David Wallace-Wells and the Several Myths of Climate Change
David Wallace-Wells, in his jarring New York Times Bestseller published last month, The Uninhabitable Earth, begins with the terrifying first sentence: “It is worse, much worse, than you think. The slowness of climate change is a fairy tale, perhaps as pernicious as the one that says it isn’t happening at all.” Wallace-Wells then enumerates a host of other fairy tales that, I think, are deeply important for all of us to name and spend time learning and reflecting on.
That is why I wanted to start this week by listing them again, without comment, just for the sake of taking notice of them. Here they are, slightly reworded: the several myths of climate change in the order he includes them in his first paragraph.
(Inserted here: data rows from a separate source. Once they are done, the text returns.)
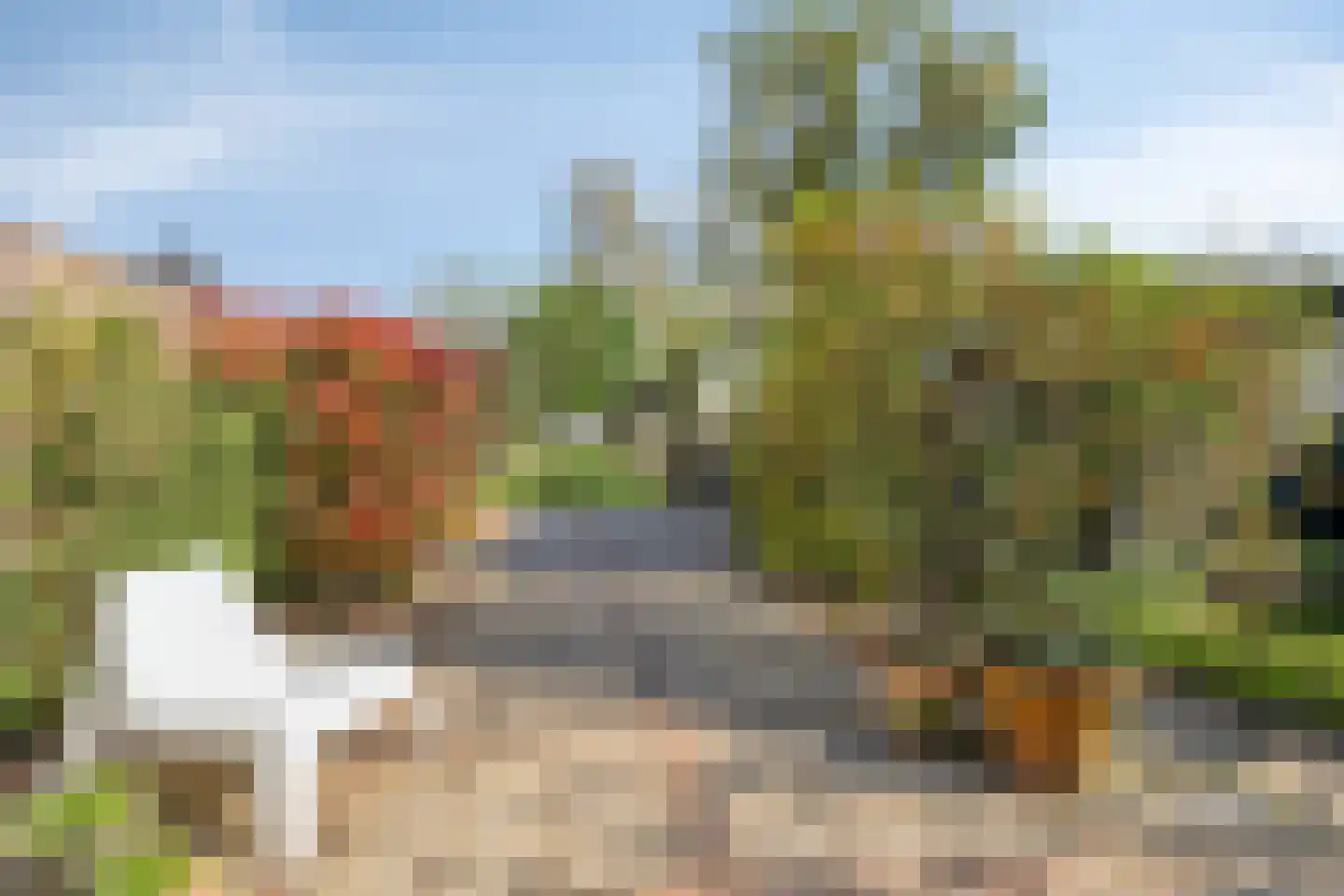 Wouwbaan 136 Hoogerheide thumbnail 50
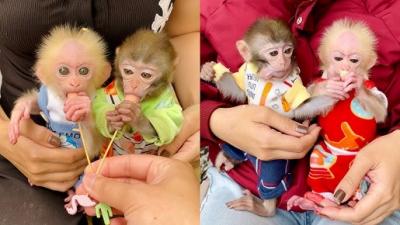 Cute Little Female CapuchinAvailable for adoption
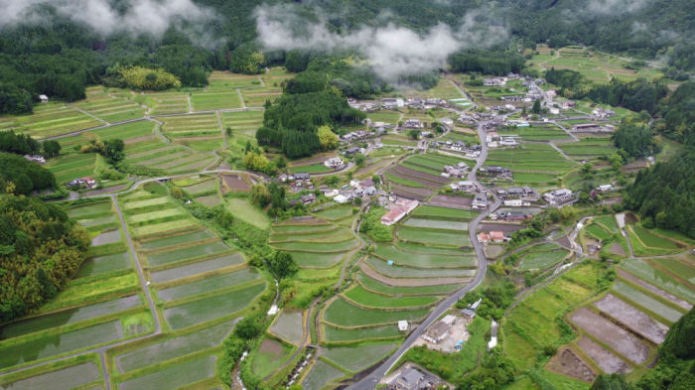 東粟倉の棚田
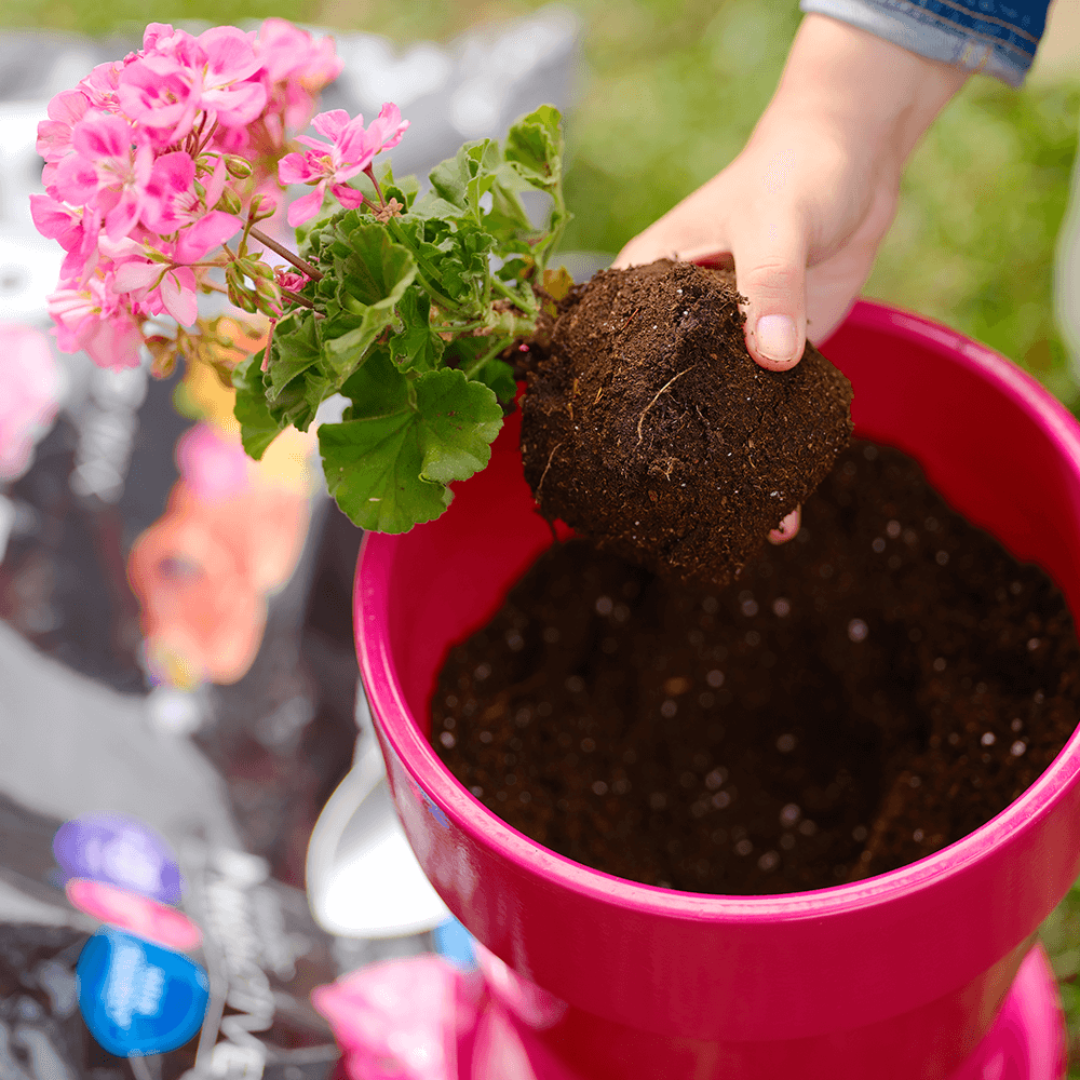 Soil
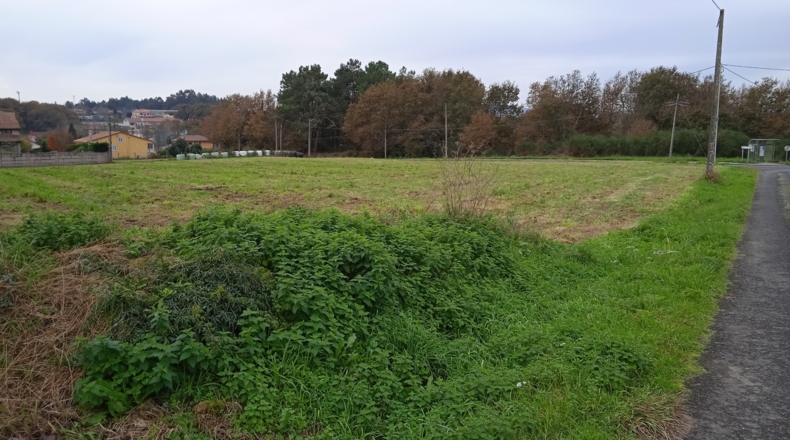 La Coruña - Igrexa - Calo - 11000m2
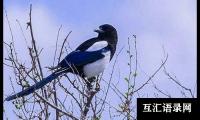 关于青蛇和喜鹊小学作文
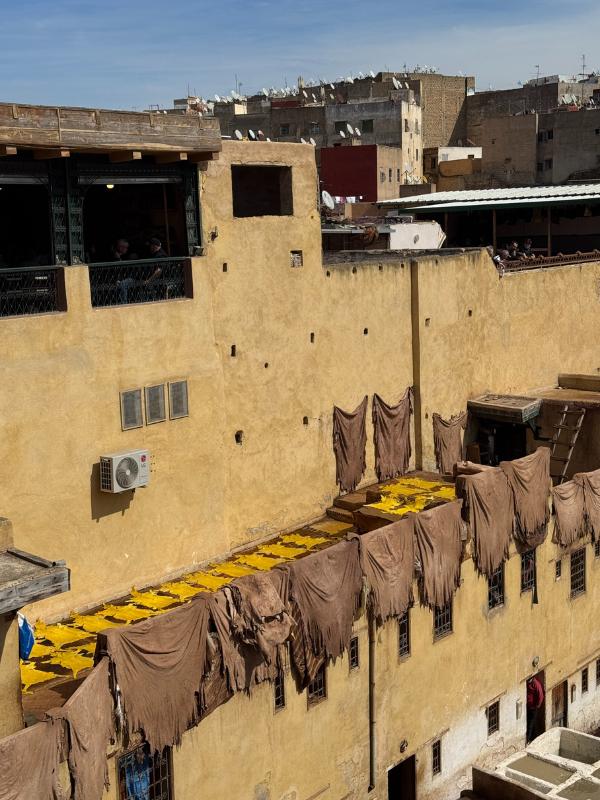 Dye pits in Fez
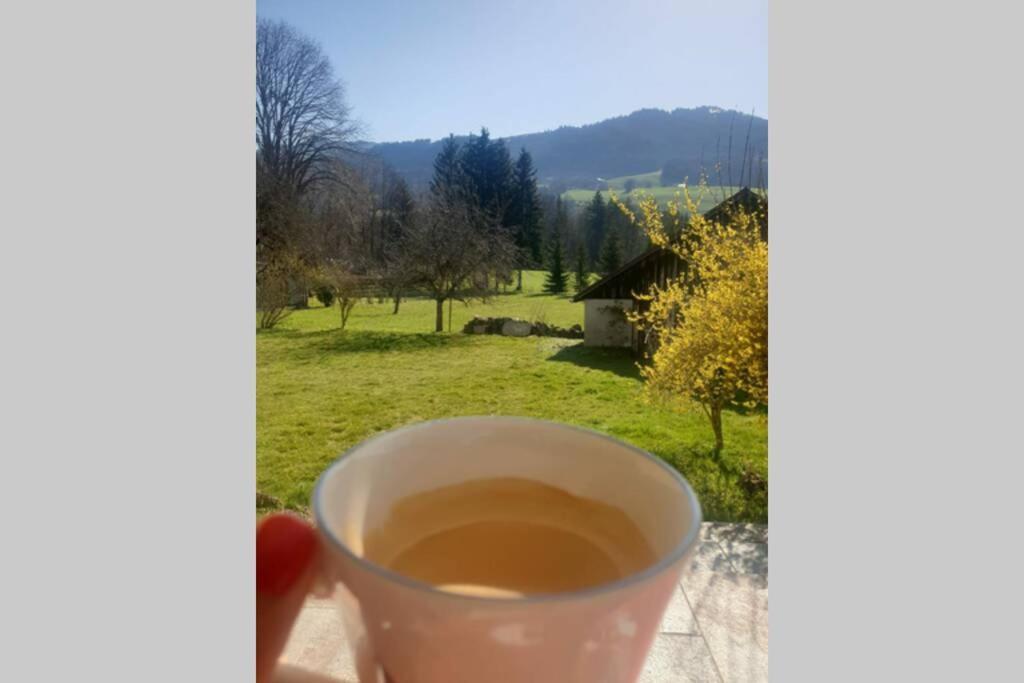Gîte Vallée Verte Burdignin Esterno foto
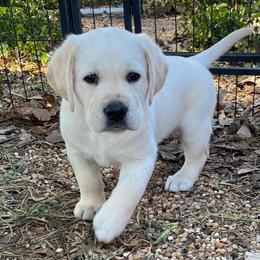 Labrador Retriever Puppies from Agape Acres Homestead English Labrador Retrievers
Climate change isn’t happening at all.
Climate change is happening slowly. It will have an impact on the lives of future generations; this generation, not so much.
Global warming is an Arctic saga, unfolding remotely.
Climate change is strictly a matter of seal level and coastlines, so it won’t really impact landlocked folks like us.
Climate change is a crisis of the “natural” world, so it won’t really affect me, since I live in the city.
The infrastructure of my community is pretty good, so I am somewhat defended by nature.
We live in a somewhat wealthy area, so we must be shielded against global warming somehow.
Burning fossil fuels is the price we pay for economic growth, and it fuels our technology; as our technology advances, we will be able to engineer our way out of environmental disasters.
Nothing is new under the sun. Humans have experienced catastrophes like this in our history before, so we should feel confident we can get through this one too.
Of course, I think Wallace-Wells wrote the entire book aiming to undoing these myths. The most important thing to know about climate change is the first sentence in his second paragraph: “None of this is true."